Our goalie had discovered he needed to check into his vacation spot today as opposed to tomorrow, so my career was going to start 5 nights earlier than planned. I was nervous but excited, and by the time I'd gotten into my pads (only one redo) I was pumped to be out there, although maybe part of that was being high from huffing fumes. Despite the best efforts of Febreze I still smelled like the inside of a carburetor because, as Lola put it, 'You can take the goalie out of the junkyard but you can't take the junkyard out of the goalie.' So, reeking of boneyard cologne, I headed out to do battle. I even remembered to stretch a little while the zamboni cut the ice.

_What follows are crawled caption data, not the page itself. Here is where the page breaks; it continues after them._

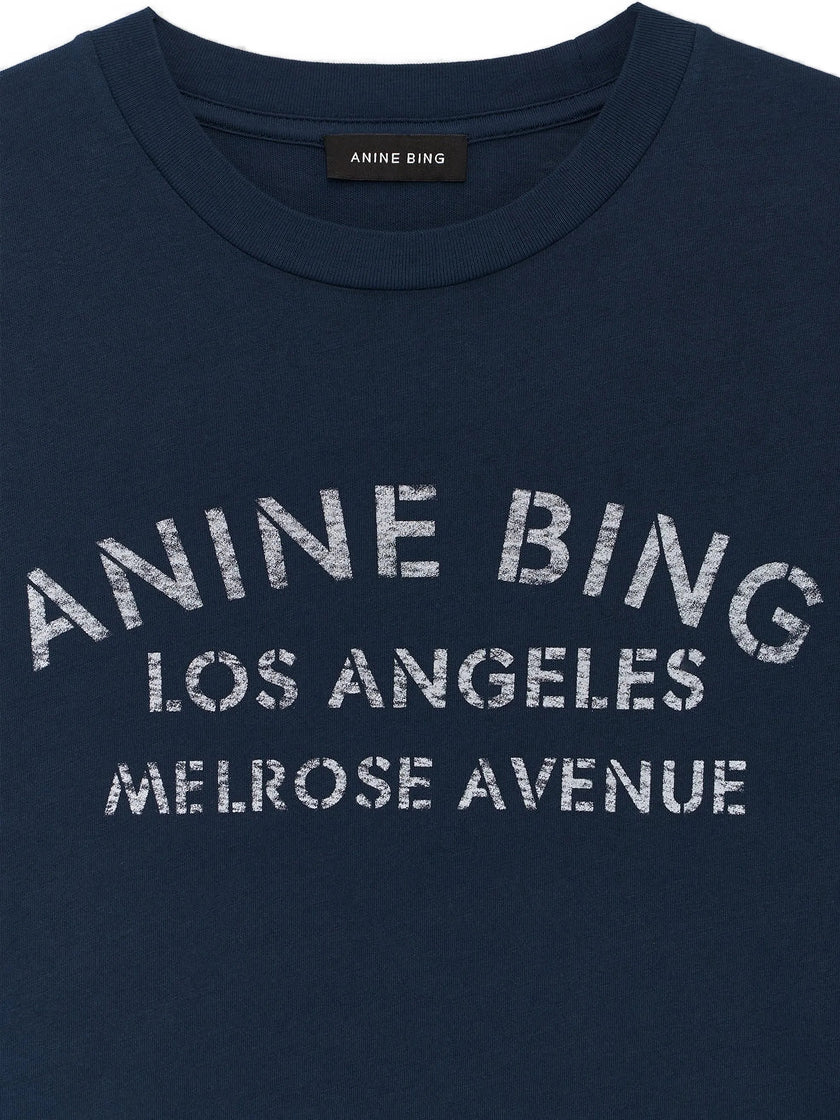 3064891 - Anine Bing | ERALDO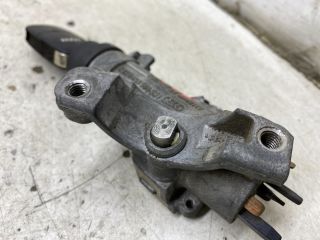 bontott AUDI A4 B6 Gyújtáskapcsoló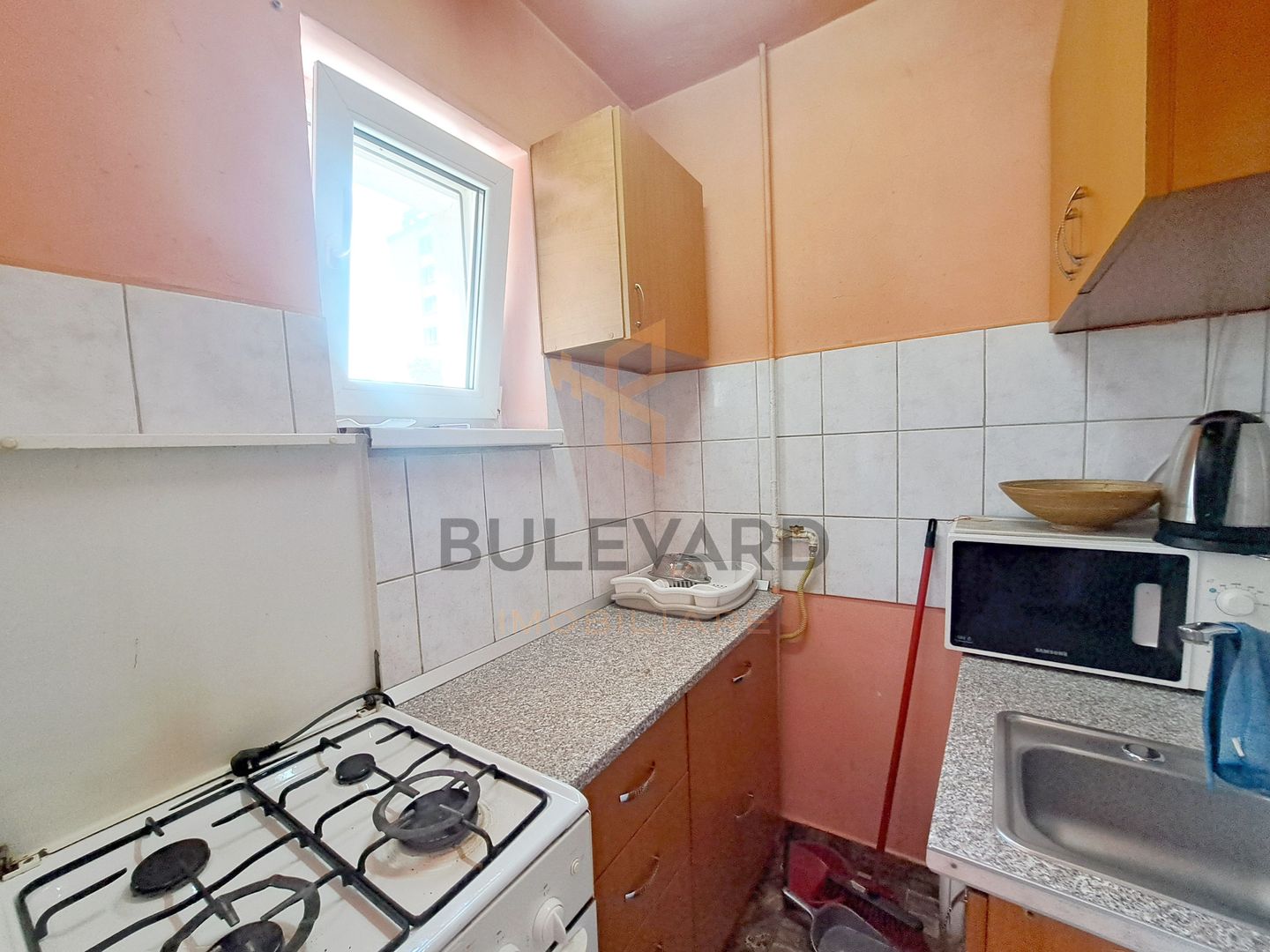 Apartament de vanzare in centrul cartierului Gheorgheni! - Poză 14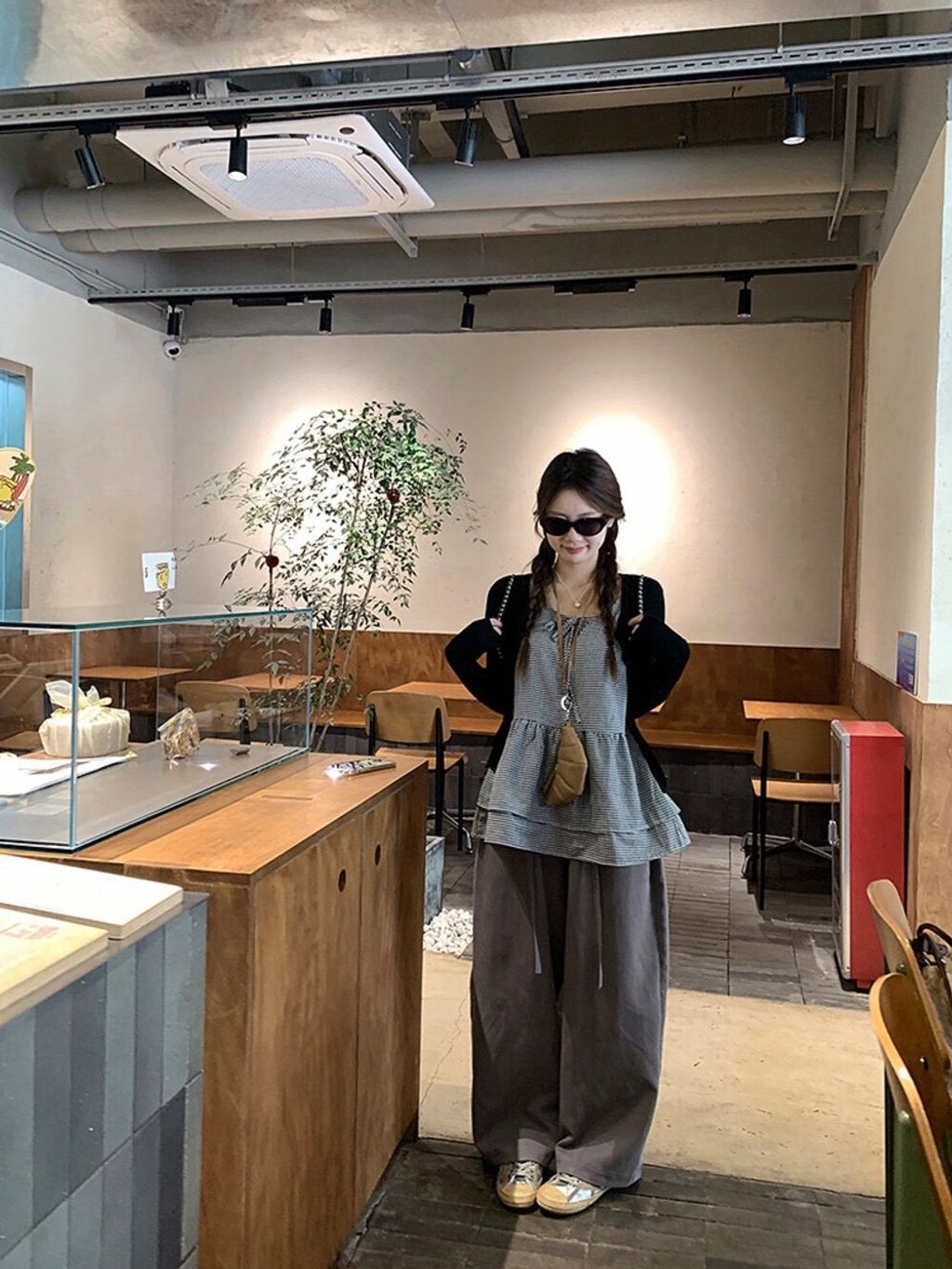 image_49F5126E-B2BE-4AF1-9DB1-E7D6B948954B_1769080884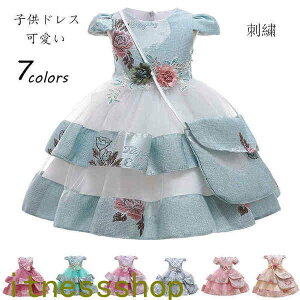 THOM WILLS Mtg qhX s[X xr[ sAm\ OhX hJ  `[ s[X qǂhX tH[} ܎O WjAhX tH[} Ă΂ qh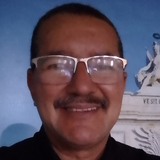 Edsonbommarlv1 from Sao Lourenco da Mata | Man | 60 years old | Sagittarius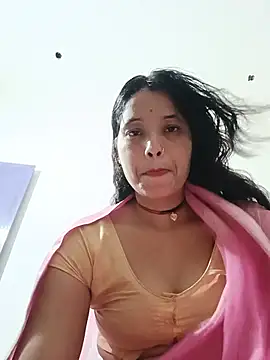 Cuty tanya online show from 2, 7, 2026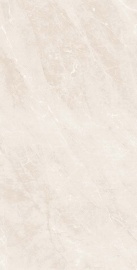 Isea Sand 120х60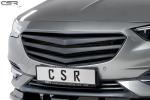 CSR Kühlergrill Frontgrill für Opel Insignia B GL059
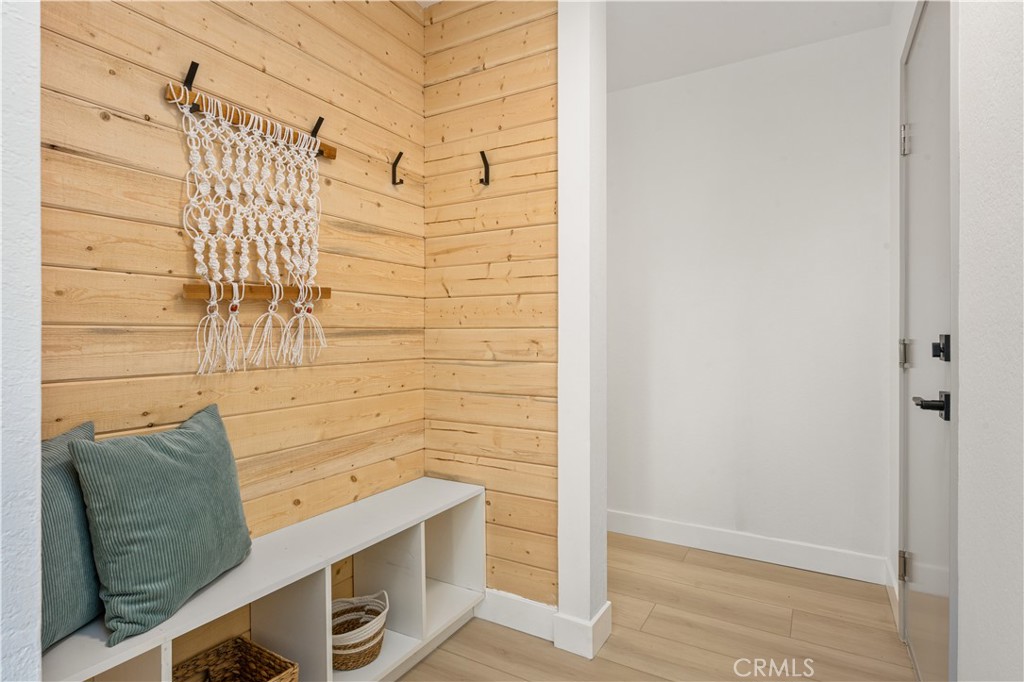 26871 Via Santa Lucia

We lost 24-1. By the end of the second period we switched from a puck to a beach ball and they covered me with double-sided tape but I still couldn't stop anything. To keep it from getting any worse the other team used 3rd graders in the last period but they still lit me up . . . these were my fears about how it was going to go. I was worried about whiffing on a soft dump-in from center ice, or an easy wrister, my teammates looking down at the ice as they muttered about missing Game of Thrones for this. By some miracle, none of that happened. Aided by my team playing tenacious D, I craned my neck around to see that 7 minutes in the score was still 0-0. What? Shut-out hockey during my first game! Amazing! Remarkable!
They scored on me 14 seconds later. It was a breakaway, as they learned my ability to butterfly was a questionable thing at best. At the 13 minute mark I gave up one of the ones I'd want back, a low wrister on a partial breakaway that I should have dropped or butterflied on instead of letting it take me short side. Off the faceoff they dumped, chased, and fired a pass from behind the net that a better goalie would have kept from going to the open guy cruising the slot. We got one back before the buzzer, so at the end of one period it was 3-1. Not terrible. I could handle averaging this and keeping it from double digits.
Note: my recollection of when and how these goals scored is sketchy at best and possibly made to look much more competent than I really was. It probably looked really impressive when I'd let a shot from the point whiz by wide without flinching, but more often than not it was because I didn't react in time. I'm old and inexperienced. At the after-game beer stop one of the guys said he'd graduated high school in 2003. 2003. I almost hit him with my cane.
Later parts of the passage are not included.